8. Accounts Receivable/Rail Car Leases/Termination of Contract. Renewable Products shall do all billing in regard to the sale of Ethanol pursuant to this Agreement, collect all receivables and be responsible for any delinquent accounts. All risks associated with accounts receivable shall be borne by Renewable Products. Renewable Products will lease railcars to be used by Member and all lease costs will be included in the calculation of Direct Ethanol Distribution Expense. If this Agreement is terminated for any reason the lease for the railcars leased by Renewable Products for the transport of Member’s Ethanol may be assigned to Member at the sole option of Renewable Products. In such case Member shall assume the lease and shall be obligated to the terms and conditions of said lease. Renewable Products shall provide Member the opportunity to review and approve the terms and conditions of any such railcar lease as well as the terms and conditions of any amendments or modifications to any such railcar lease before Renewable Products first executes the same. The parties understand that the assignment of the lease is subject to the approval of the lessor of the railcars.
9. No “Take or Pay” The parties agree that this is not a “take or pay contract” and that Renewable Products’ liability is limited to payment for Ethanol delivered by Member pursuant to this Agreement.
10. Term. The term of this Agreement shall commence on the Effective Date and
shall continue so long as Member remains a member of Renewable Products.
11. Termination. This Agreement may be terminated under the circumstances set out below.
(a) Termination for Intentional Misconduct. If either party engages in intentional misconduct reasonably likely to result in significant adverse consequences to the other party, the party harmed or likely to be harmed by the intentional misconduct may terminate this Agreement immediately, upon written notice to the party engaging in the intentional misconduct.
(b) Termination for Uncured Breach. If one of the parties breaches the terms of this Agreement, the other party may give the breaching party a notice in writing which specifically sets out the nature and extent of the breach, and the steps that must be taken to cure the breach. After receiving the written notice, the breaching party will then have thirty (30) days to cure the breach, if the breach does not involve a failure to market and distribute Ethanol as required by this Agreement. If the breach involves a failure to market and distribute Ethanol as required by this Agreement, then the breaching party will have five (5) days after receiving the written notice to cure the breach. If the breaching party does not cure any breach within the applicable cure period, then the non-breaching party will have the right to terminate this Agreement immediately.
(c) Member Insolvency, etc. Renewable Products may terminate this Agreement if Member becomes insolvent, has a receiver appointed over its business or assets and such receiver is not discharged within 30 days, files a petition in bankruptcy or has a petition in bankruptcy filed against it which, in either case, is not dismissed within 30 days, or ceases to produce Ethanol for 30 days or more.
(d) Termination by Mutual Written Agreement.
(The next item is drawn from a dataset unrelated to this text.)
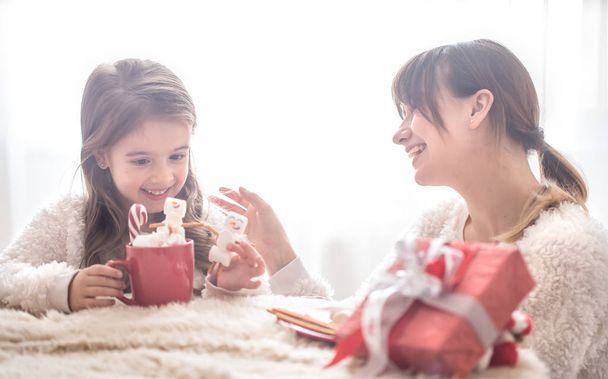 Anya és lánya aranyos eszik karácsonyi édesség a nappaliban, a világos háttér, a családi értékek és ünnepi hangulatot - Fotó, kép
This Agreement may also be terminated upon any terms and under any conditions which are mutually agreed upon in writing by the parties.
12. Licenses and Permits. At all times from the commencement of this Agreement, Member shall possess and maintain in good standing all of the licenses and permits necessary to operate its production facilities and Renewable Products shall possess and maintain in good standing at all times during the term of this Agreement all of the licenses and permits necessary to perform its obligations under this Agreement.
13. Estimated 12-Month Volume. As of the Effective Date Member will provide Renewable Products with Member’s best estimate of its anticipated monthly Ethanol production for the next twelve (12) months to assist Renewable Products in developing appropriate marketing strategies for the Ethanol to be produced by Member.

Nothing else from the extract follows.